La cantidad de agua evaporada del Mediterráneo debe haber sido redistribuida por la lluvia meteórica en los océanos de todo el mundo, causando un aumento del nivel del mar de hasta unos 10 metros. Por otro lado, el propio Mediterráneo debe haber encerrado en su fondo marino un porcentaje significativo (estimado en torno al 5%) de la sal previamente disuelta en las aguas oceánicas: esto llevó a una disminución de la salinidad media de las aguas marinas, elevando su temperatura de congelación. Las aguas oceánicas debían ser transferidas más fácilmente al estado de hielo en presencia de bajas temperaturas, bajando la temperatura media de la Tierra, y constituyendo quizás una de las causas concomitantes del próximo desencadenante de las eras glaciales cuaternarias.

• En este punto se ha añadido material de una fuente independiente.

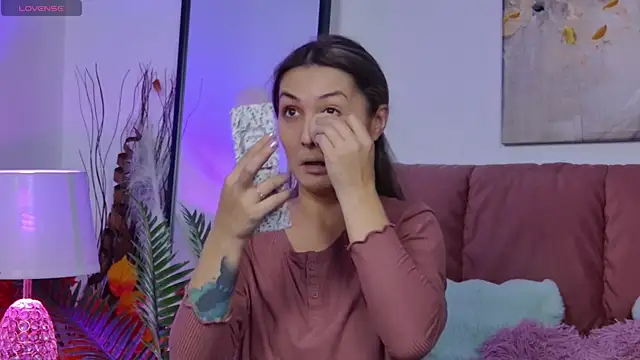 NicolLopeze online show from 16, 10, 2025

Además, la desecación del Mediterráneo causó ciertamente variaciones climáticas dramáticas en toda la zona y en las regiones adyacentes, probablemente causando la aparición de barreras ambientales que deben haber condicionado la distribución de las especies vivas y su migración.

Las características del fenómeno han fascinado a varios escritores de Ciencia Ficción y fantasía, que lo han convertido en un teatro excepcional para los eventos de novelas e historias. Ejemplos de resultados notables para la verosimilitud descriptiva del entorno Mesiniano y la buena documentación científica son los de Julian May, con la saga del exilio en el Plioceno, compuesta de cuatro novelas, y Harry Turtledove con la novela Dramma nelle Terrefonde.